Work to complete
Reproduce word for word, from the entries below, the line with "And that's the", the line with "When folded like", and every line between them, and nothing more.

Records from a dataset
####################

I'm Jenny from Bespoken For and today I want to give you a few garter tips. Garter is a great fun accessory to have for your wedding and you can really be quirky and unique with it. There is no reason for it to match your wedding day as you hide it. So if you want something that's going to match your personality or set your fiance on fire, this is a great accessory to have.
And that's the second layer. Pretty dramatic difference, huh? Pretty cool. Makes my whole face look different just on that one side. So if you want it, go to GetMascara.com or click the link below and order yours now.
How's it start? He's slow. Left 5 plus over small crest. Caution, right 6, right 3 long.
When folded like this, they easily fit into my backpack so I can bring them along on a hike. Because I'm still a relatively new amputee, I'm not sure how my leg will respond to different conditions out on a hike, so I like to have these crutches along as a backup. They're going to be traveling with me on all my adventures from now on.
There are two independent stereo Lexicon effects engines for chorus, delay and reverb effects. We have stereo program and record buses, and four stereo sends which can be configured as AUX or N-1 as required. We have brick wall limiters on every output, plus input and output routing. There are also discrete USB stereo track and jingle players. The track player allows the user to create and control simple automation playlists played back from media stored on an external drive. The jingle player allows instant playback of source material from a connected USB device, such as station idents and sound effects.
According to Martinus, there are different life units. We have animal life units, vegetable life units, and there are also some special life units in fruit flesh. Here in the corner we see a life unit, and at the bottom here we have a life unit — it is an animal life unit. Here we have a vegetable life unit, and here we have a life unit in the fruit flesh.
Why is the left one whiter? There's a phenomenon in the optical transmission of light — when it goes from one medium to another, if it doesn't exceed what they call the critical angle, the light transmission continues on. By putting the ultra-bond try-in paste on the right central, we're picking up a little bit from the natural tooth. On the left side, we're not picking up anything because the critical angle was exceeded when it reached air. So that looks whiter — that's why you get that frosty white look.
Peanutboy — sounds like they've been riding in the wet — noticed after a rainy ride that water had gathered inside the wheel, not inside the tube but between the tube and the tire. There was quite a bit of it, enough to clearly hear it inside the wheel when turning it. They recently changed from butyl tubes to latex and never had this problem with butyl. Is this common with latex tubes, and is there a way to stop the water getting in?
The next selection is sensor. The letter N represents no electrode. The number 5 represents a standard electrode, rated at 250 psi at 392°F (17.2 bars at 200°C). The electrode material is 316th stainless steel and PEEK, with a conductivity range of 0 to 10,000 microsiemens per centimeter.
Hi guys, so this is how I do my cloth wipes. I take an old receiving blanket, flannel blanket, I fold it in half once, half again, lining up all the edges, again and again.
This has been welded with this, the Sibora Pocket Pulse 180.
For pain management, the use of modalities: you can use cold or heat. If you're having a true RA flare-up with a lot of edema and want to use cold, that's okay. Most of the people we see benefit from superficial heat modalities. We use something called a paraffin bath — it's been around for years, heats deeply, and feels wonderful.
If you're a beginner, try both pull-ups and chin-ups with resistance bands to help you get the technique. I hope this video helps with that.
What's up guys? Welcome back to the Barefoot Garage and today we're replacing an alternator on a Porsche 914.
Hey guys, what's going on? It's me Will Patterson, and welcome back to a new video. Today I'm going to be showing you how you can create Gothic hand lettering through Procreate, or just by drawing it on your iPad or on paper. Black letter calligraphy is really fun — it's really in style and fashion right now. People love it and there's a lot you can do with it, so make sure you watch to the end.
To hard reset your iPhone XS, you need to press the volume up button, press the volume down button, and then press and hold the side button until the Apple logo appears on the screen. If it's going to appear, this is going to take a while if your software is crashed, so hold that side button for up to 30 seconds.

####################

Task result
And that's the second layer. Pretty dramatic difference, huh? Pretty cool. Makes my whole face look different just on that one side. So if you want it, go to GetMascara.com or click the link below and order yours now.
How's it start? He's slow. Left 5 plus over small crest. Caution, right 6, right 3 long.
When folded like this, they easily fit into my backpack so I can bring them along on a hike. Because I'm still a relatively new amputee, I'm not sure how my leg will respond to different conditions out on a hike, so I like to have these crutches along as a backup. They're going to be traveling with me on all my adventures from now on.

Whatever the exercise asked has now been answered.